Original article: April 08, 2007


In a spirit of compassion for all, this manifesto proclaims that every competent adult has the incontestable right to humankind's ultimate civil and personal liberty -- the right to die in a manner and at a time of their own choosing.

Whereas modern medicine has brought great benefits to humanity, it cannot entirely solve the pain and distress of the dying process.

Each person deals with death in their individual way. Which way is determined by their health, their ethics, and personal living conditions.

The degree to which physical pain and psychological distress can be tolerated is different in all humans. Quality of life judgments are private and personal, thus only the sufferer can make relevant decisions.

Persuasion or provocation to the act of self-killing are deplorable and should be punished according to relevant laws. 'Suicide' no longer being a crime, it is unacceptable to prosecute well-meaning people for 'assisted suicide'.

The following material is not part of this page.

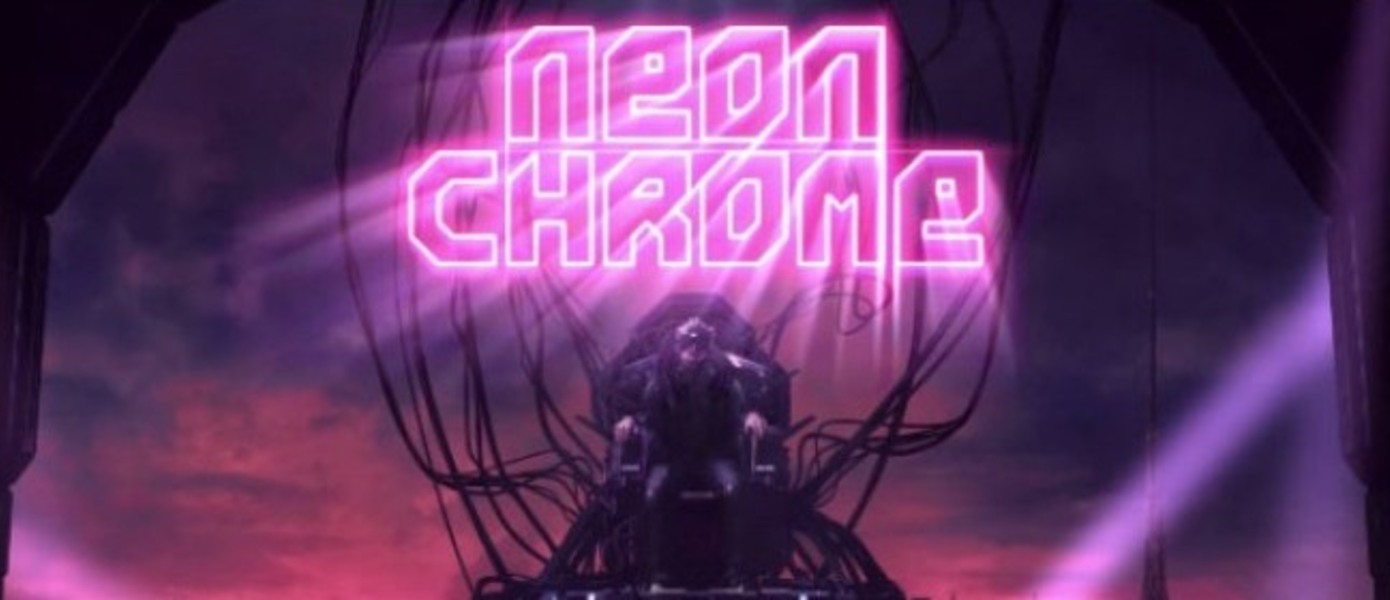 Neon Chrome анонсирован к выходу на PS4
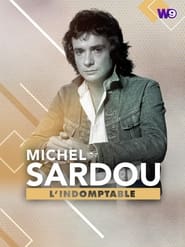 Michel Sardou  LIndomptable' Poster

Choosing to hasten death by self-starvation and dehydration should be accompanied by palliative care. Electing to die by terminal sedation is also a choice provided it is freely made by the patient.

Advance Directives (Living Wills) and Durable Powers of Attorney for Health Care must be respectfully considered by medical professionals at all times.

Views on the dying process contrary to those expressed in this manifesto are respected, but must not supercede the autonomy of the dying person's own decisions.

Derek Humphry
[email protected]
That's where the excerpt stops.